Добавить в цитаты Настройки чтения

Страница 7 из 69



— Лизачка, ну пожалуйста... Давай посмотрим...

— Это нельзя просто смотреть! — заметила та. — Если уж открывать, то тогда идти до конца.

— Неужели сеанс? — ужаснулась Лена.

— А почему бы и нет? — ответила вопросом на вопрос хозяйка дома.

— Так нам же нужна спиритическая доска... — начала выискивать причины для того, чтобы отказаться от этой идеи, Лена.

— А я отлично помню, как она выглядит, — спокойно заметила Лиза. — Любой может нарисовать...

— Девочки, а давайте действительно попробуем, — окончательно развеяла сомнения Вера. — Пока еще не ночь на дворе... Вот и стол у вас круглый, как раз такой и нужен...

Вскоре подруги сидели за дубовым столом, посреди которого лежала наспех нарисованная Лизой «спиритическая доска»: в центре листа ватмана для рисовального альбома — пентаграмма в круге, по правую сторону которой — слово «нет», по левую — «да», сверху и снизу пентаграммы — буквы алфавита, слева и справа — цифры и неизменные справа вверху «Вход» и слева внизу «Прощай». Посередине листа Лиза поставила перевернутое блюдце.

— Чей дух выберем? — полушепотом спросила она, вглядываясь в центр стола, словно пытаясь запомнить творение своих рук.

— Наполеона! — не раздумывая, предложила Лена.

— Да ладно, причем здесь Наполеон, лучше кого-то из наших, да чтобы не так далеко был захоронен, — поправила ее Лиза.
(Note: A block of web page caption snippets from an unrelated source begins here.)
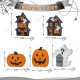 Glitzhome S/5 Halloween Wooden Haunted House, Pumpkin & Ghost Table Block Set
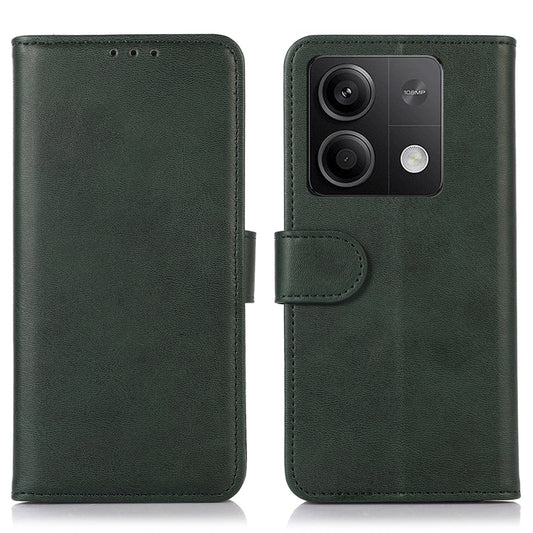 For Xiaomi Redmi Note 13 5G / 13 5G (China) Case Cowhide Texture Shockproof Phone Cover Wallet - Green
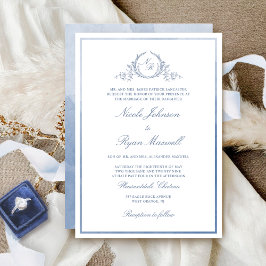 Classic Monogram Dusty Blue Watercolor Wedding Einladung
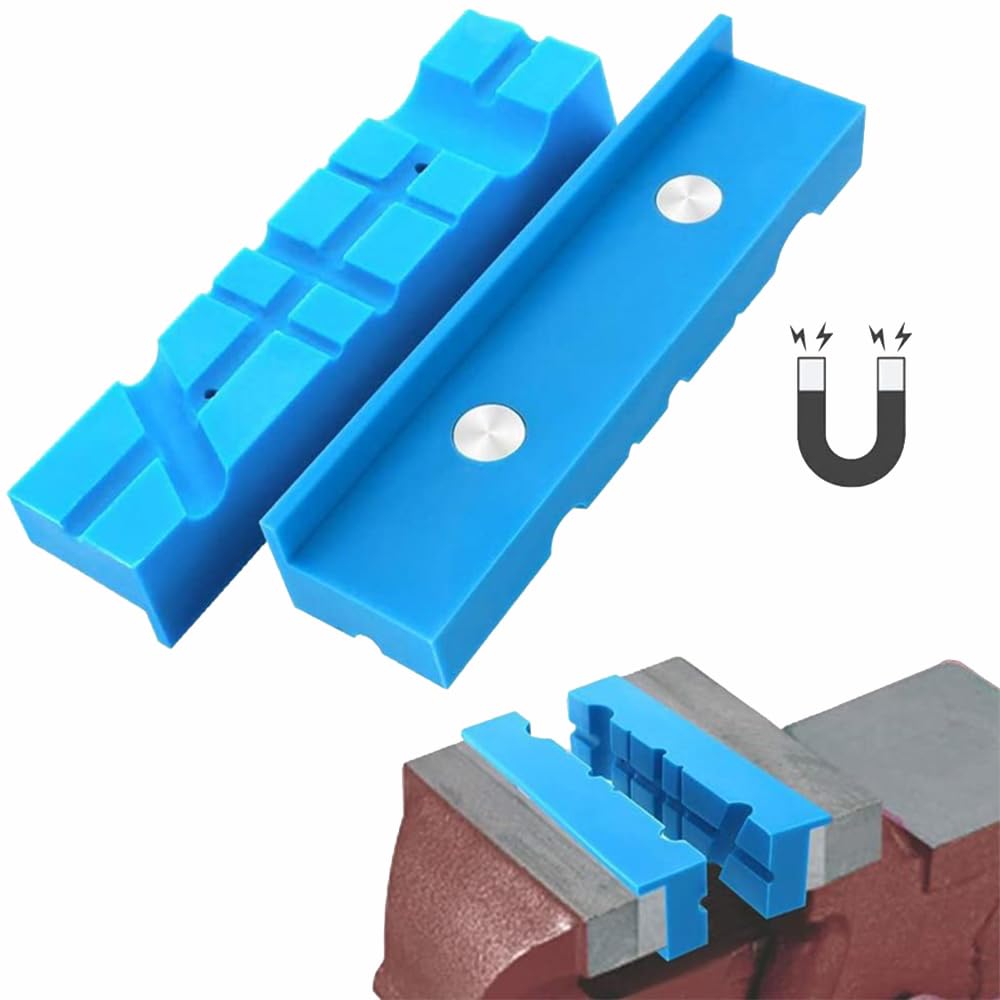 Lot de 2 mâchoires d'étau souples à rainures multiples pour bois, métal, plastique, tubes (100 mm)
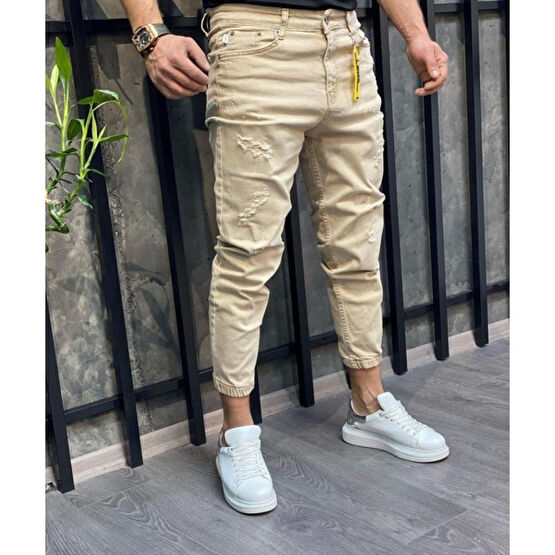 NorthFashion Erkek Paçası Lastikli Boyfriend Jogger Kot Pantolon Erkek Pantolon Fiyatı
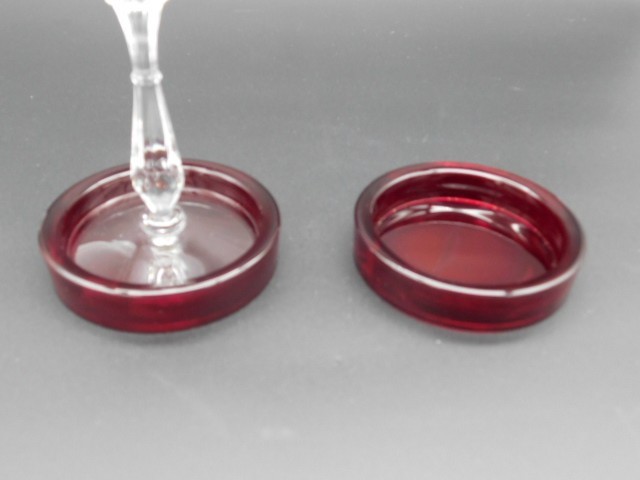 2 Vintage Ruby Red Glass Coasters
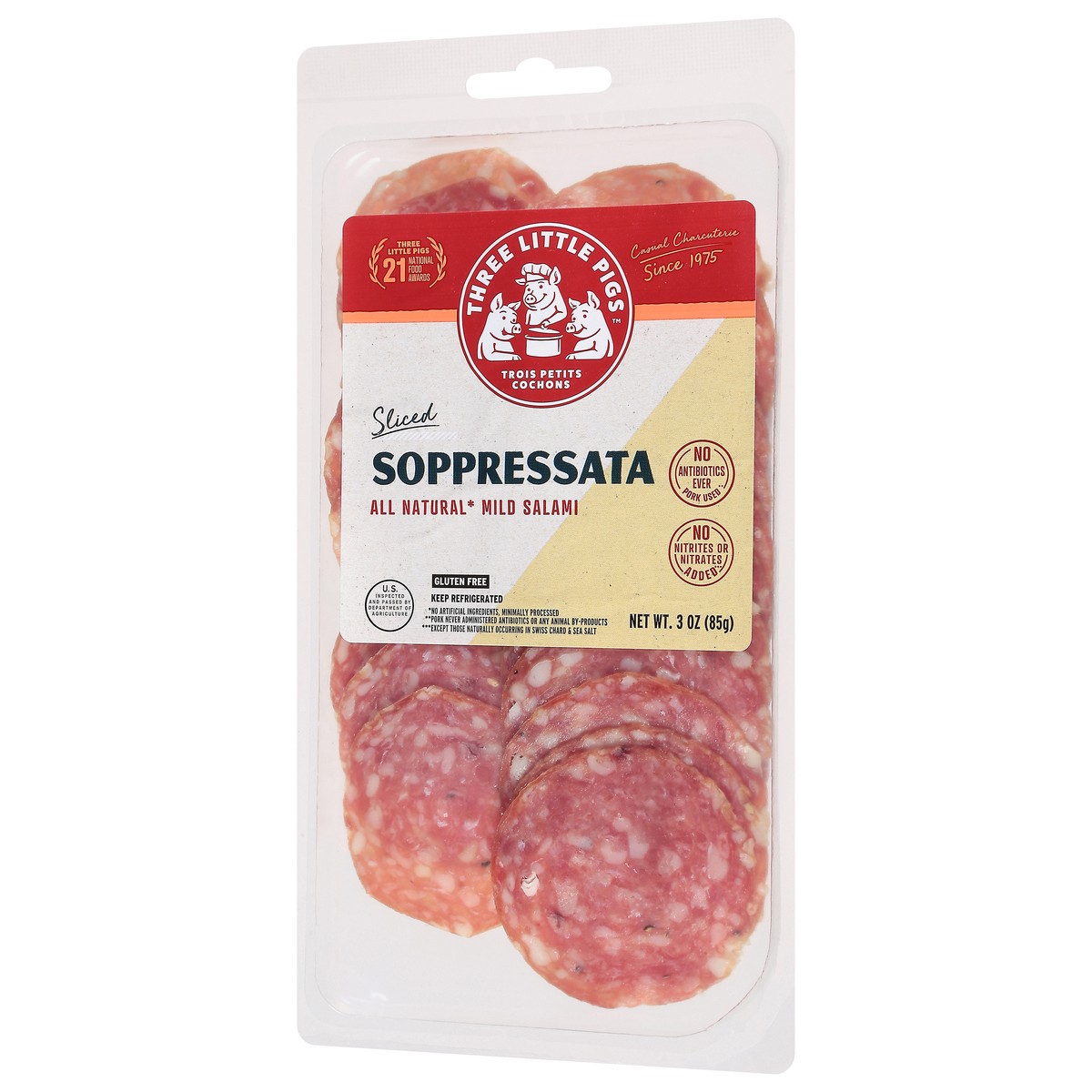 slide 4 of 4, 3 Pigs Sopressata Sweet S, 3 oz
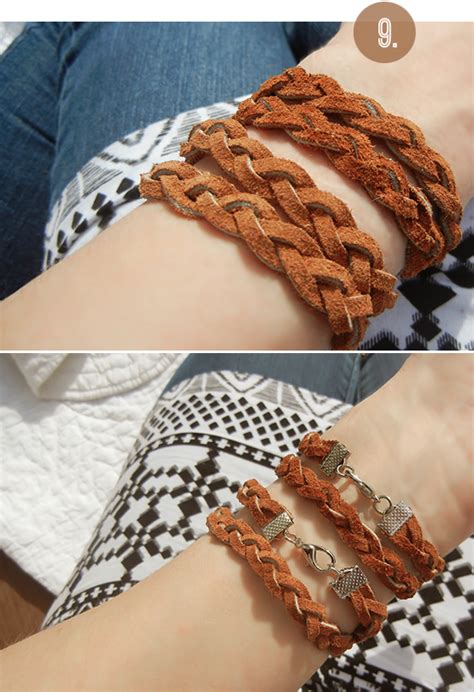 Boho cuff bracelet with turquoise and wood beads; Bubby and Bean ::: Living Creatively: DIY Tutorial >>> Braided Leather Wrap Bracelets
— Например, Мамин-Сибиряк, всего несколько месяцев назад похоронили на Волковском... — продолжила рассуждение Лена.

— У него с головой что-то не так было, вроде — кровоизлияние в мозг, — возразила Вера. — Надо того, у кого и разум в порядке, и характер геройский, а натура авантюристическая, да и чтобы смог легко выйти из могилы...

— Ну тогда... генерала Василия Колчака! — осенило Лену. — Три дня назад похоронили... Свеженький... А какой герой! Кстати, а о чем мы его спросим?

— Как о чем? — удивилась Лиза. — Конечно же, о замужестве, кому из нас в этом году суждено будет замуж выйти и за кого!

На том и порешили.

— Дух генерала Василия Ивановича Колчака, вызываем тебя... — начала зловещим шепотом Лиза. — Дай знать, когда придешь!

На столе ничего не происходило. Блюдечко не двигалось, как бы ни напрягались пальцы девушек.

— Ты слышишь нас, дух генерала Колчака? — не сдавалась Лиза. — Ответь, если пришел!

И блюдечко сделало слабое движение по часовой стрелке, показывая первую букву имени — «в», явно, Веры.

— Скажи нам, дух Колчака, — продолжала Лиза, — и кто же будет мужем нашей Верочки?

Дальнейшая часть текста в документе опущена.